Desapega
Era a mesma praça, era o mesmo banco, eram as mesmas crianças, era até o mesmo jardim. Mas naquele dia nem tudo foi igual. Um gole do papo entre dois amigos grisalhos respingou nos meus ouvidos: espera mais não, arruma suas coisas e toma seu rumo, não vale a pena investir na infelicidade.
Não vale mesmo. Os juros são altíssimos, o risco para o capital humano supera a mais sombria previsão orçamentária, e o retorno é tão líquido quanto o lucro de itaús e bradescos.
Por que seguir com o marido que ainda não troca as próprias fraldas, se você não tem vocação para mãe nem babá? Por que continuar com a namorada que prefere sapatos a livros, se você não resiste a ficar descalço em bibliotecas? Por que insistir naquela amizade colorida, se você está certo de que ela jamais vestirá branco (pelo menos para deixar a igreja ao seu lado)? Por que pagar anos no escritório de advocacia do pápi, se você não sabe, não quer saber e condena – à cadeira elétrica – quem sabe dar nó de gravata enquanto assobia a Constituição?
Por que se irritar todo santo capítulo com aquela novela ruim, se você já percebeu que o autor escreve sempre a mesma bagaça, a ponto de não mudar nem o nome da protagonista? Por que teimar em ler os textos daquele colunista reaça, se você tem certeza de que o camarada (epa) vai achar comunistas malvados até em comercial de Coca-Cola (aquele logo vermelho...)? Por que xingar diariamente o mesmíssimo congestionamento, se você pode voltar para casa naquela bike estacionada há séculos na sua garagem?

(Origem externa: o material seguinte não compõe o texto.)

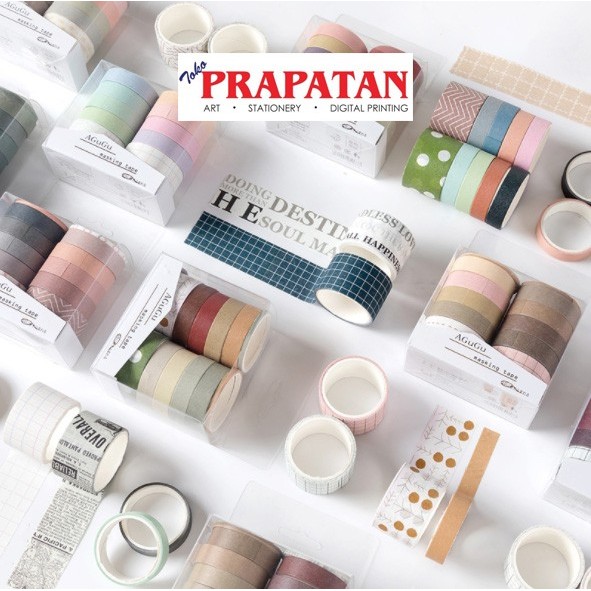 

10 Roll/Set Washi Masking Tape / Decorative Tape / Selotip Jepang DIY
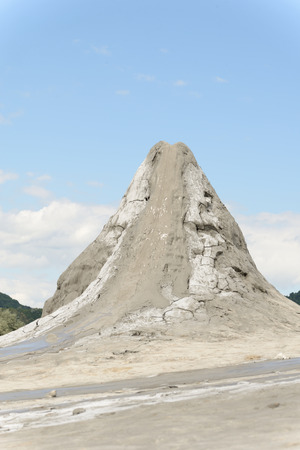 Mud volcano from Romania, refers to formations created by geo-exuded slurries usually including water and gases. There are several geological processes that may cause the formation of mud volcanoes.の写真素材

Às vezes vale tomar um porre de OLX e desapegar: do marido com síndrome de menor abandonado; da namorada que não te enxerga porque não desce do salto; da amiga que só quer se aproveitar da sua nobreza, do seu amor e de certos itens originais de fábrica; do sonho do pápi – que é só dele – de ver você dando uma gravata nos foras da lei; da novela que faz qualquer Malhação parecer Roque Santeiro; do colunista que não sai do seu abrigo nuclear com medo de ser descoberto pela KGB; do carro cujo velocímetro não atinge os trinta por hora há uns vinte mil quilômetros.